(Recorded data)
________
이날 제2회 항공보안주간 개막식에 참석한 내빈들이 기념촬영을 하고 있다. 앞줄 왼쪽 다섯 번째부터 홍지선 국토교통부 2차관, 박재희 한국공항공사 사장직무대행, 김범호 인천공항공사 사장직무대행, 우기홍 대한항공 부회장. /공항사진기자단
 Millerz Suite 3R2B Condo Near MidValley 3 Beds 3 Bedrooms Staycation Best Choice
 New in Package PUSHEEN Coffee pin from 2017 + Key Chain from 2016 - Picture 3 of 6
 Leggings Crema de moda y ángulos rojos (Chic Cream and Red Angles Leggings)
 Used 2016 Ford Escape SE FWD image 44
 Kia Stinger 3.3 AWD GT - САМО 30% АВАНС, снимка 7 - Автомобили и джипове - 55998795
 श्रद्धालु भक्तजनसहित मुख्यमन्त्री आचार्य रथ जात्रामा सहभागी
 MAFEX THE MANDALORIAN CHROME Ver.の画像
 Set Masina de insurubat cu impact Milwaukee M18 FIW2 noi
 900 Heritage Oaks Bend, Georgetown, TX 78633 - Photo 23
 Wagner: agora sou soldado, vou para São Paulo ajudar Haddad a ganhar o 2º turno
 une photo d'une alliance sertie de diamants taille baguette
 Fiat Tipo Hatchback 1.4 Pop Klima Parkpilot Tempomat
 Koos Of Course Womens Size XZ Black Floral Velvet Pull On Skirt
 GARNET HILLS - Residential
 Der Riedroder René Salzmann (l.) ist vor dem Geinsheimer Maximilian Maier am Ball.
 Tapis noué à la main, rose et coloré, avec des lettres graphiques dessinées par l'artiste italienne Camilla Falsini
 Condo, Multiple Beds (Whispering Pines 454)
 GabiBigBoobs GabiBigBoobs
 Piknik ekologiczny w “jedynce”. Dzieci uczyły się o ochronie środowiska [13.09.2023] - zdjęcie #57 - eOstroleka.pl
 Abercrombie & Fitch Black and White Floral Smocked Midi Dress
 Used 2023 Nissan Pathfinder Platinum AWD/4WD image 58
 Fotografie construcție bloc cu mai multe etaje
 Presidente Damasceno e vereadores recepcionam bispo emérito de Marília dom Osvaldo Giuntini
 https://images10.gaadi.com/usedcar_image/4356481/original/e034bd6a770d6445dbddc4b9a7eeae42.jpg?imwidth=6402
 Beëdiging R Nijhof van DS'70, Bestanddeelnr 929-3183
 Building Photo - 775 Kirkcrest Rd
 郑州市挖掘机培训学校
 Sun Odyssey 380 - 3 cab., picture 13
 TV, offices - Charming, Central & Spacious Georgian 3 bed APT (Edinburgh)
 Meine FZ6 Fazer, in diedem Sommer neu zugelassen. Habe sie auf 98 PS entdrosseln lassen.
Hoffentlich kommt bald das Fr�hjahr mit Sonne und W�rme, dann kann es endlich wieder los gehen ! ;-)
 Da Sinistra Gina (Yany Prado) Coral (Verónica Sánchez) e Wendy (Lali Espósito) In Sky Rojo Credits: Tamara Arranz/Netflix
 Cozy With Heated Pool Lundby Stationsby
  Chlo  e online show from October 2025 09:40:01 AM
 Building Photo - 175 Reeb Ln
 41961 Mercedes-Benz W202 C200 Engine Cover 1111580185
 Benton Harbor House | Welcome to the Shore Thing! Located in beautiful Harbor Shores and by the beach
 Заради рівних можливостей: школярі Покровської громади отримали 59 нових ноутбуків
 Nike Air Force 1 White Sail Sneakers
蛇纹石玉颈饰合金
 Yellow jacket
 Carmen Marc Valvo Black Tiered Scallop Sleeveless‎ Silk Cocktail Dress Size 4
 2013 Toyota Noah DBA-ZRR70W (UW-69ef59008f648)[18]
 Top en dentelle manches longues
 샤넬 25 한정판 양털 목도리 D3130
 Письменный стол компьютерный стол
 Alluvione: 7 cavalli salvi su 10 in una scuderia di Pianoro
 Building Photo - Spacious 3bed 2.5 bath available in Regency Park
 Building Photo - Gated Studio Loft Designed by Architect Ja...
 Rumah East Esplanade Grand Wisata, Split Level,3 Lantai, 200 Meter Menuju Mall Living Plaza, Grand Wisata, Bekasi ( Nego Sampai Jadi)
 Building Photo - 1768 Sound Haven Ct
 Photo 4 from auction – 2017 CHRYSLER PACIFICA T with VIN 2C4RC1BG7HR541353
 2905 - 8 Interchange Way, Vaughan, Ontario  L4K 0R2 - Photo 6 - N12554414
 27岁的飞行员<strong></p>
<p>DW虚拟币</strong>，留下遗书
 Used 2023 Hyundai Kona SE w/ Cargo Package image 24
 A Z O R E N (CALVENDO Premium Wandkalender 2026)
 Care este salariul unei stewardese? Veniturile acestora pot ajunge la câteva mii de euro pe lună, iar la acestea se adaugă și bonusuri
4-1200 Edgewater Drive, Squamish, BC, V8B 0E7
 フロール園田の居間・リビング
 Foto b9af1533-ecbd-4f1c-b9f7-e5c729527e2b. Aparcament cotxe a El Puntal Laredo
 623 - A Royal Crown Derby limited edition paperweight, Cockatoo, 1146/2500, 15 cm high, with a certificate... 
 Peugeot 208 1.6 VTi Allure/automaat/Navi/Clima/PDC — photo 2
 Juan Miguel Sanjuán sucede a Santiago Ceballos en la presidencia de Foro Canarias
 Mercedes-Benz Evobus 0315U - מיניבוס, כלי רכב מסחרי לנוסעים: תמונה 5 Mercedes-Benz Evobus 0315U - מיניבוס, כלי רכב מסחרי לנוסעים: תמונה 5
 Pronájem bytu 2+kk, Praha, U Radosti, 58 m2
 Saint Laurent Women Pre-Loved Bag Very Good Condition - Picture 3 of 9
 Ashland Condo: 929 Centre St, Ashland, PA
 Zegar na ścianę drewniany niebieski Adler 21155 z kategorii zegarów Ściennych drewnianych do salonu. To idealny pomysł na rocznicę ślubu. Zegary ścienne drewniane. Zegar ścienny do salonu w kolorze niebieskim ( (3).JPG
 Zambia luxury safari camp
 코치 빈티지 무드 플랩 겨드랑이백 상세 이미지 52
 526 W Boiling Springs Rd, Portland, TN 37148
________
[YOUR GOAL]
Every line in the data that holds "strong" should be copied out.

[ANSWER AREA]
 27岁的飞行员<strong></p>
<p>DW虚拟币</strong>，留下遗书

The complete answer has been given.